Section: New Results
Uncertainty estimation and exploitation in speech processing
Participants : Emmanuel Vincent, Dominique Fohr, Odile Mella, Denis Jouvet, Agnès Piquard-Kipffer, Dung Tran.
Uncertainty and acoustic modeling
In many real-world conditions, the speech signal is overlapped with noise, including environmental sounds, music, or undesired extra speech. Speech enhancement is useful but insufficient: some distortion remains in the enhanced signal which must be quantified in order not to be propagated to the subsequent feature extraction and decoding stages. The framework of uncertainty decoding assumes that this distortion has a Gaussian distribution and seeks to estimate its covariance matrix [5] . A number of uncertainty estimators and propagators have been proposed for this purpose, which typically operate on diagonal covariance matrices and are based on fixed mathematical approximations or heuristics. We obtained more accurate uncertainty estimates by propagating the full uncertainty covariance matrix and by fusing multiple uncertainty estimators [50] , [51] . Overall, we obtained 18% relative error rate reduction with respect to conventional decoding (without uncertainty), that is about twice as much as the reduction achieved by the best single uncertainty estimator and propagator.

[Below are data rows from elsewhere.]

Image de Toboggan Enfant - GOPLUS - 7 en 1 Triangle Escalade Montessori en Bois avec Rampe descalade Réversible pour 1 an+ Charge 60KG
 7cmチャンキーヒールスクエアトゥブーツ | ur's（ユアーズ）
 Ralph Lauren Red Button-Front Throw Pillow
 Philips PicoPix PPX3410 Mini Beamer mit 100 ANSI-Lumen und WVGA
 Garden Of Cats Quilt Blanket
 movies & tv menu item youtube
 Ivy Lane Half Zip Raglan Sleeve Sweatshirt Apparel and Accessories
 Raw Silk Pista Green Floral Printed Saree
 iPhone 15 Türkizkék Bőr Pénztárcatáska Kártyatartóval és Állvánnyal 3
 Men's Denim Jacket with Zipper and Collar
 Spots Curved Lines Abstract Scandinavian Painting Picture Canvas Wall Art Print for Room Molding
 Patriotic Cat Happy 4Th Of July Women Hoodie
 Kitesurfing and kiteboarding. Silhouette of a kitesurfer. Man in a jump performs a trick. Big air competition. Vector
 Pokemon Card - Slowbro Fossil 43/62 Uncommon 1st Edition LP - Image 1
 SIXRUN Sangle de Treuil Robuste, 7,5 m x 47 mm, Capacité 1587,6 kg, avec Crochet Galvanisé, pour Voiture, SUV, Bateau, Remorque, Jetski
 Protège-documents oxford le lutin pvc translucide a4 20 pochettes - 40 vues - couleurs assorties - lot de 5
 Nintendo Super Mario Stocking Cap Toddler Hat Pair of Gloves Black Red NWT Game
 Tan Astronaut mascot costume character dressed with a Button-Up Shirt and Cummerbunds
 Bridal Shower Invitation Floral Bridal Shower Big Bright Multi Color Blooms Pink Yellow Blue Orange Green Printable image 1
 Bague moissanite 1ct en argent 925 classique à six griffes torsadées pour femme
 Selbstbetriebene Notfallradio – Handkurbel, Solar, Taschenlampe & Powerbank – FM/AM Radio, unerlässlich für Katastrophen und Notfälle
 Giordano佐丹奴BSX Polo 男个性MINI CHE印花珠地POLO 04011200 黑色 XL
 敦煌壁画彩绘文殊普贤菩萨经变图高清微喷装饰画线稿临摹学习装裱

In order to motivate further work by the community, we created a new international evaluation campaign on that topic in 2011: the CHiME Speech Separation and Recognition Challenge [2] . After two successful editions in 2011 and 2013, we started working and collecting a new corpus towards the organization of a third edition to be announced in 2015.
Uncertainty and speech recognition
In the framework of using speech recognition for helping communication with deaf or hard of hearing people in the FUI project Rapsodie (cf. 8.1.5 ), our goal is to find the best way for displaying the speech transcription results. To our knowledge there is no suitable, validated and currently available display of the output of automatic speech recognizer for hard-of-hearing persons, in terms of size, colors and choice of the written symbols. The difficulty comes from the fact that speech transcription results contain recognition errors, which may impact the understanding process. Although the speech recognition system does not know the errors it makes, through the computation of confidence measures, the speech recognizer estimates if a word or a syllable is rather correctly recognized or not (cf. 6.3.2.2 ); hence such information can be used to adjust the display of the transcription results.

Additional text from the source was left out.